(Directions) From first line to last, copy the listing exactly and omit its pictures.

(Supplied information)
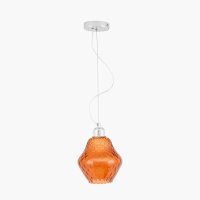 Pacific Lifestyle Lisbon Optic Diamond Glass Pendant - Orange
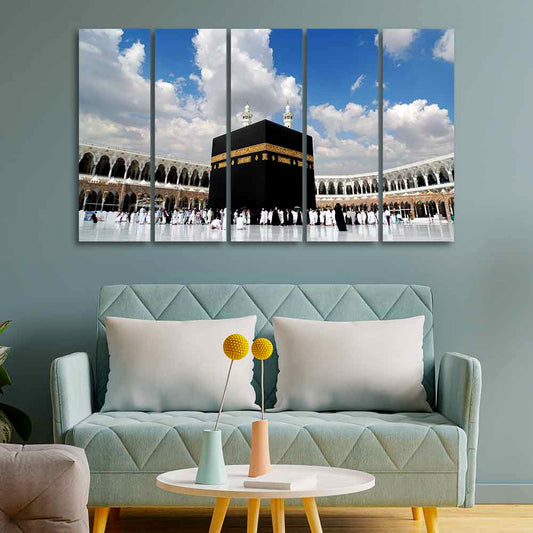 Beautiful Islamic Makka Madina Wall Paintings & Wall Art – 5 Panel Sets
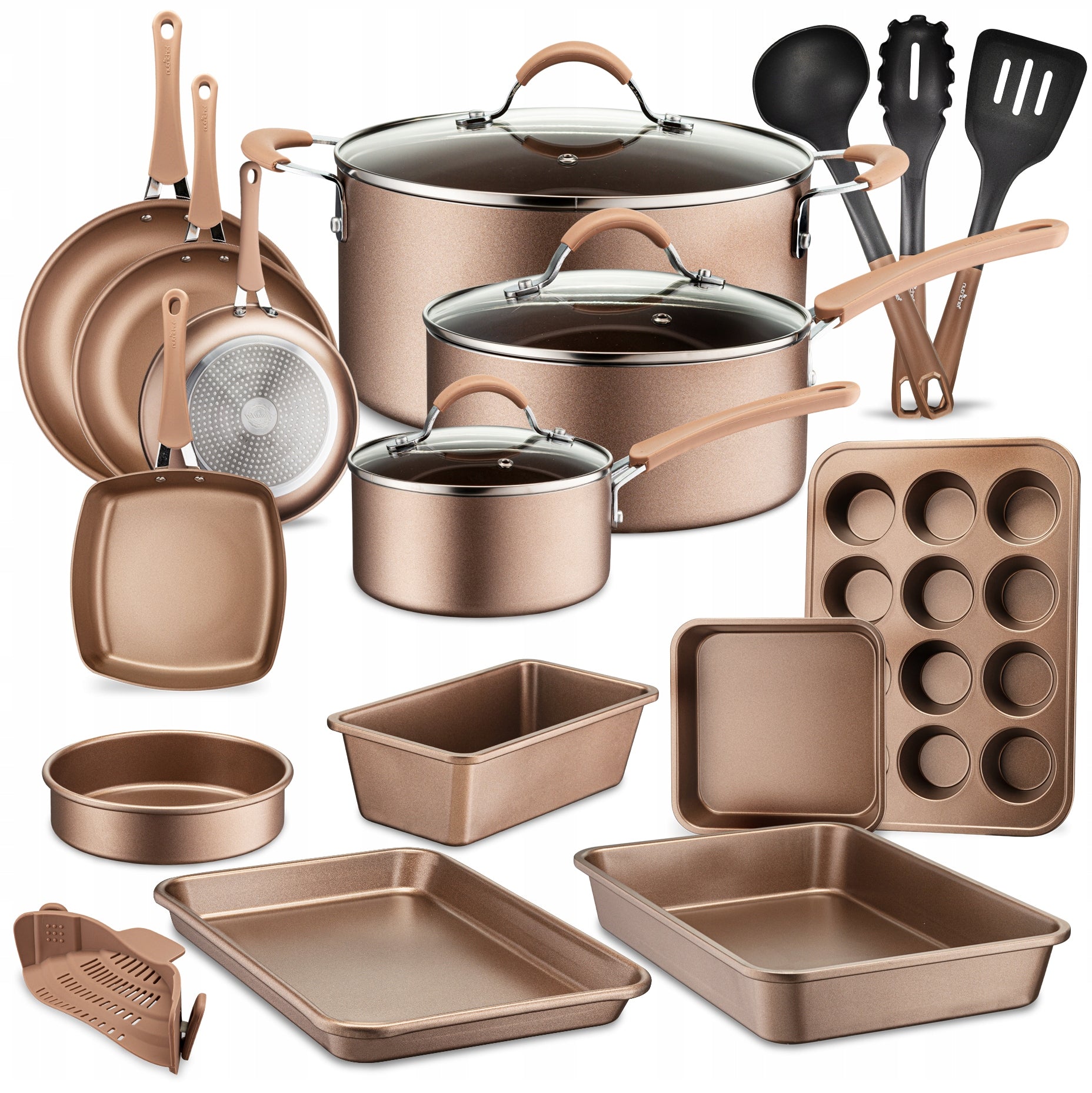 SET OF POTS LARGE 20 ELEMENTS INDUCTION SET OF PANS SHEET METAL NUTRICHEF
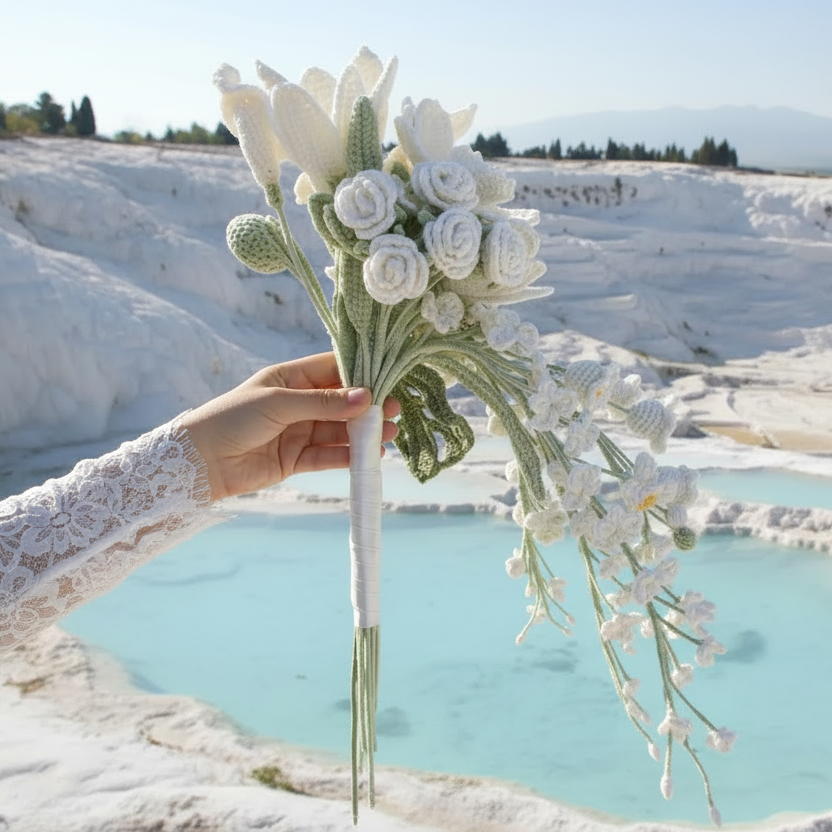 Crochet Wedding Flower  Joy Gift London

(Task output)
 Pacific Lifestyle Lisbon Optic Diamond Glass Pendant - Orange
 Beautiful Islamic Makka Madina Wall Paintings & Wall Art – 5 Panel Sets
 SET OF POTS LARGE 20 ELEMENTS INDUCTION SET OF PANS SHEET METAL NUTRICHEF
 Crochet Wedding Flower  Joy Gift London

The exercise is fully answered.